Sichere Dokumente durch individuelle Markierungen (SIDIM)
Electronic documents can be copied and distributed via the web - uncontrollable for the copyright holders. Especially if the documents are of commercial value, the copyright holder might choose to avoid the use of modern distribution platforms in fear of illegal distribution as pdf or html via webpages, forums or p2p networks. A prominent example is the eBook. A solution to this problem is the individualisation of the documents through visible and inivisible marks that make copies differentiable. This solution, also referred to as watermarking, offers the possibility of tracing back the user responsible for copyright infringement and thus can effectively protect the copyright holders and prevent illegal distribution. SiDiM focusses on the research and development of innovative and efficient individualisation mechanisms on the basis of natural language watermarks.

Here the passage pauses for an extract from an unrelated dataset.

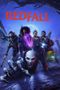 Redfall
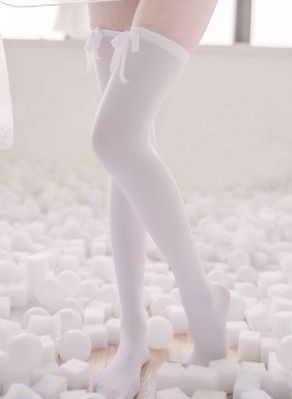 mignon动漫免费观看_BT种子下载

The primary goal of the project is to develop novel methods that individualize electronic documents through the manipulation of their textual content that is unrecognizable by a reader. The marks are supposed to be difficult to remove, and at the same time to have no recognizable affect to the meaning of the content. This solution will be embedded in an electronic document distribution environment and remain transparent to an end user. Therefore interfaces and parsers to access the content of electronic documents, new export functions and file formats have to be created. In order to achieve sufficient quality on the textual level, new approaches in text analysis and paraphrasing will be investigated. Different methods will be evaluated to be effectively applied to different document types. In the project, UKP Lab will evaluate existing textwatermarking approaches and develop new ones for paraphrasing texts. In particular, UKP will also investigate the potential of using wikipedia revision edit histories for paraphrasing.